You wouldn’t immediately draw comparisons between the man charged with creating the next piece of England football history, Gareth Southgate, and the man given the task of resetting a League Two outfit, Dean Austin (especially in their respective characters) but the last few weeks of World Cup build up has turned a lot of people on to what some probably knew all along with Southgate and what we and Austin can take on board in the coming months.
Southgate has changed many a mind over the months leading up to Russia and while his team still have plenty to do to match achievements of the past there’s been an evidential move towards the acceptance and joy in what he’s trying to do with his group of players. His idea of the collective over the individual, never evident more than in his dropping of Wayne Rooney (perhaps the final bastion of the latest superstar era) should be applauded not matter what the outcome of the knockout stages.

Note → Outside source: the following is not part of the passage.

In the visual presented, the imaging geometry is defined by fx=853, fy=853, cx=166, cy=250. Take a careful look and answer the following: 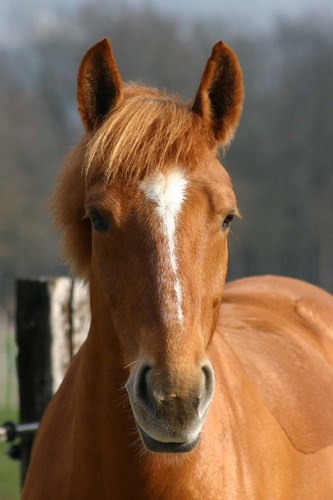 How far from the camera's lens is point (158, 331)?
272 centimetres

He’s insisted that everyone get a fair crack of the whip in his squad and wasn’t afraid of the bad press or questioning of his line up for the final group game against Belgium. Players have been given their World Cup moment that they may never get again thanks to the rotation and the likes of Trent Alexander-Arnold in particular would surely have been revelling inside at lining up for a World Cup outing at the age of nineteen. Try telling him that this was a ‘second string.’
Southgate’s promoting of young players like Alexander-Arnold to the grandest stage came without a fanfare and instead arrived in a more in a matter-of-fact manner that appears to have given them the right balance between having the freedom to play and the knowledge and confidence that they are good enough and can own their place at the top table.
The way he’s conducted himself in the post Allardyce world of England management means that most of us are now looking back at Allardyce’s slip up as a blessing in disguise. Can any of us have imagined this World Cup creating as much buzz in the country with Big Sam at the helm? Would we have ever won a group game 6-1 under his watch? Highly doubtful.
We, as Cobblers fans, have seen these ideas come to life earlier this summer, albeit in a shorter and more intense period of time. But if you’re looking for comparisons for a burst of passion, a sudden ownership of identity and a logical and level headed leader then you can do worse than look at our very own management.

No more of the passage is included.